Immpact Bio cleared to start clinical trial of IMPT-514 in SLE patients
Phase 1b/2 trial to test CAR-T cell therapy for treatment-resistant SLE
The clearance by the U.S. Food and Drug Administration “marks a pivotal milestone for our autoimmune disease clinical program,” Sumant Ramachandra, MD, PhD, company president and CEO, said in a press release.
Immpact plans to launch an open-label Phase 1b/2 clinical trial that will test IMPT-514 in people with SLE who have received at least two prior standard-of-care therapies, but still have substantial symptoms, as evidenced by a score of eight or higher on the SLE Disease Activity Index score.
Phase 1 of trial to enroll people with active lupus nephritis
The Phase 1 portion of the trial, which will evaluate multiple increasing doses of IMPT-514, will enroll people with active lupus nephritis, a serious complication of SLE characterized by kidney inflammation and damage. The Phase 2 part of the trial will enroll additional patients, with and without active lupus nephritis.
Lupus is caused by the immune system mistakenly attacking the body’s own healthy tissues. B-cells, the immune cells mainly responsible for producing antibodies, play a central role in the autoimmune attack that drives the disease.
IMPT-514 is a CAR-T cell therapy that is designed to reduce lupus activity by destroying B-cells.
T-cells are another type of immune cell that are capable of killing other cells. In CAR-T cell therapy, T-cells from a patient are collected and equipped with a chimeric antigen receptor, or CAR, which is a specialized protein receptor that directs T-cells to attack and kill other cells harboring specific molecular targets.
For IMPT-514, T-cells are equipped with a CAR that simultaneously directs them to attack cells containing two proteins, called CD19 and CD20, which are typically found in B-cells. Immpact is developing a therapy using the same CAR, called IMPT-314, to treat certain types of cancer that are caused by the uncontrolled growth of B-cells.
IMPT-514 is “the first bispecific CD19/CD20 CAR T therapy being investigated for the treatment of systemic lupus erythematosus,” Ramachandra said.
Potential to reset immune response for durable remission
“The differentiated bispecific approach of IMPT-514 is designed for broader targeting of autoreactive B cells with the enhanced tissue and lymphoid organ penetration characteristic of CAR T cells,” he added. “This offers the potential for a one-time treatment administration capable of resetting the immune response for durable remission.”
In a prior Phase 1 study, IMPT-514 showed a promising safety profile.

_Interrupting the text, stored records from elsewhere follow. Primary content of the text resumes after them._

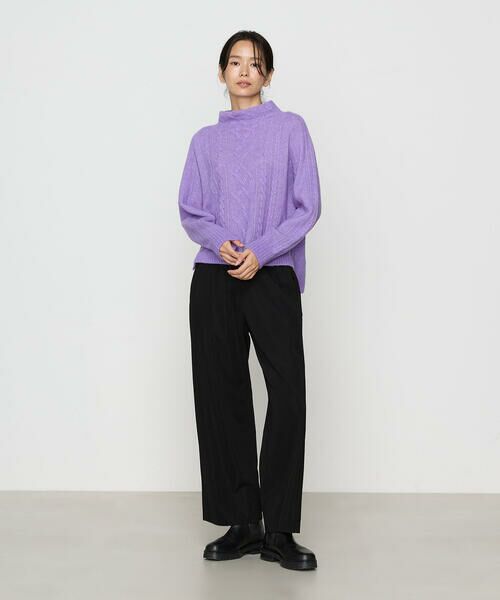 COMME CA COMFORT / コムサ・コンフォート(Lサイズ) ニット・セーター | 【一部店舗限定】〔 +サイズ 〕 ウールタムヤーン マシュマロニット | 詳細18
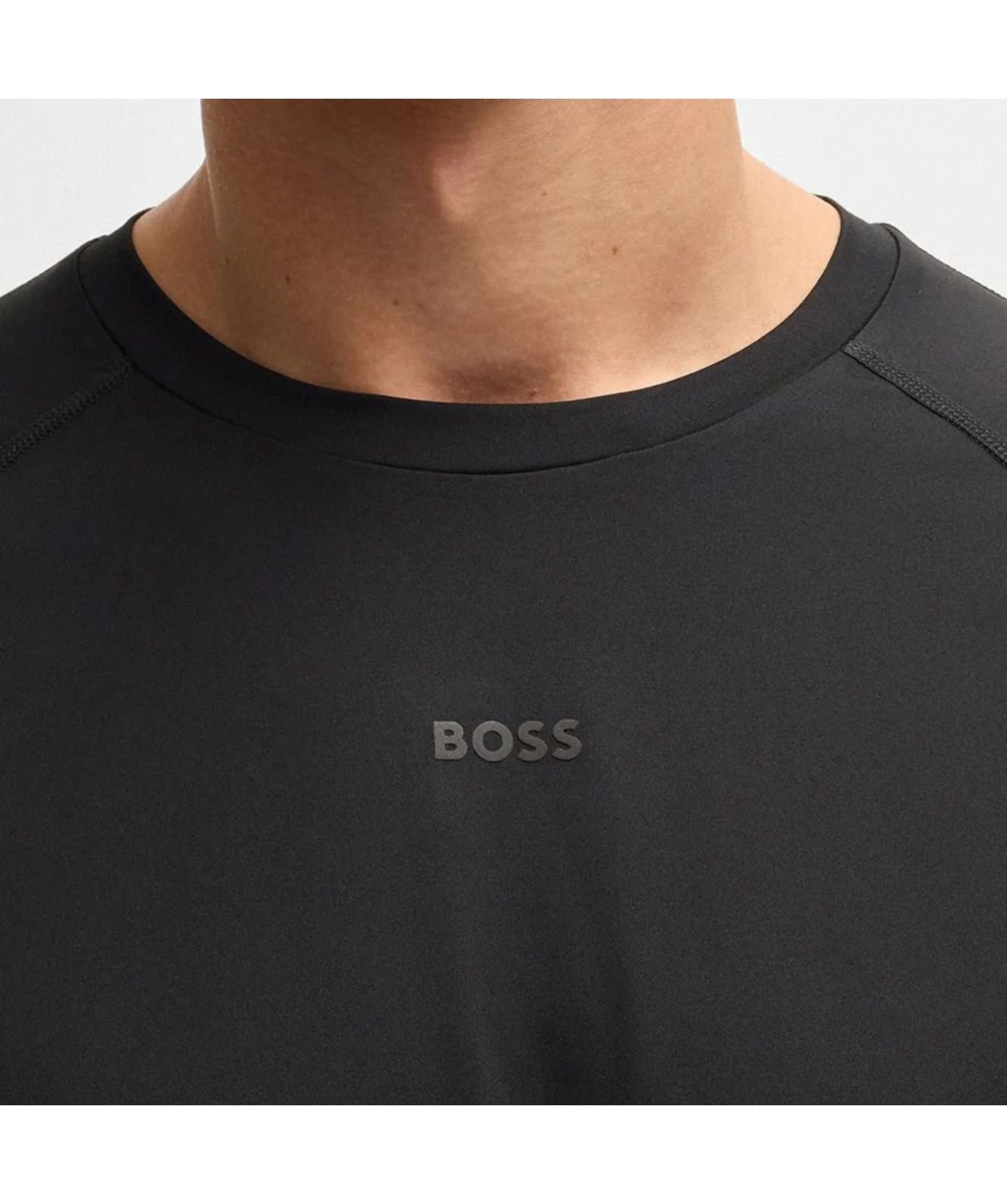 Boss Tee Active 1 Crew Neck T-Shirt | Grey-50531240-054 Boss Tee Active 1 Crew Neck T-Shirt | Grey-50531240-054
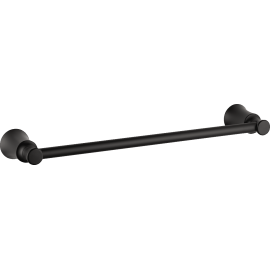Hansgrohe Joleena Towel Bar, 18" In Matte Black, 4784670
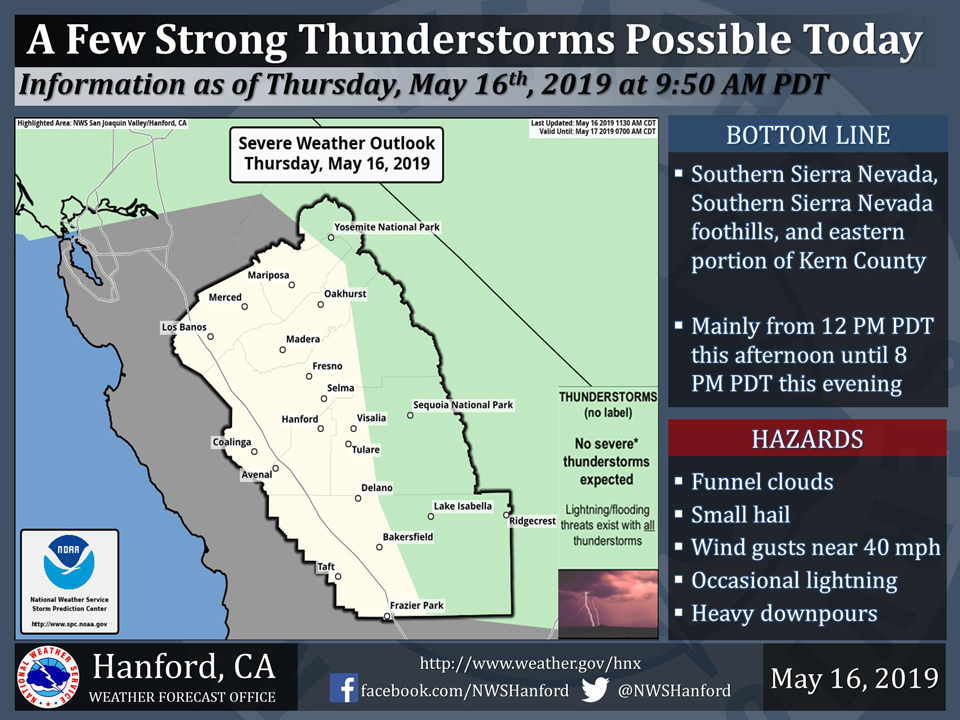Weather Service Updates the Possibility of Thunderstorms ...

It did not cause any neurological problems, or lead to any serious instances of cytokine release syndrome, an inflammatory side effect of CAR-T cell therapy that can occur due to excessive levels of inflammatory signaling molecules called cytokines in the body.

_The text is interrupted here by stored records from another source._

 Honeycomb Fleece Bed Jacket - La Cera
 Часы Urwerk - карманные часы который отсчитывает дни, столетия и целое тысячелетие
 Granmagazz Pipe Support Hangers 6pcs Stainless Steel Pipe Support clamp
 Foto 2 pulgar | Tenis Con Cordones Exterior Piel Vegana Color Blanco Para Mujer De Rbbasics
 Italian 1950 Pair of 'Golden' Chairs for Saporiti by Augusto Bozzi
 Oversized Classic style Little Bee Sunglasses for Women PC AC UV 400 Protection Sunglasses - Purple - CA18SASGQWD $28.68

“The robust data package for IMPT-514 includes compelling Phase 1 safety data from an ongoing investigator-led study in lymphoma at UCLA [University of California, Los Angeles] demonstrating no neurotoxicity and only Grade 1 [mild] cytokine release syndrome to date,” Ramachandra said. “We have also successfully manufactured active product with cells derived from heavily treated patients with autoimmune diseases and are encouraged with the potent autologous B-cell killing properties and limited cytokine production displayed by IMPT-514 in vitro [in lab-cultured cells].”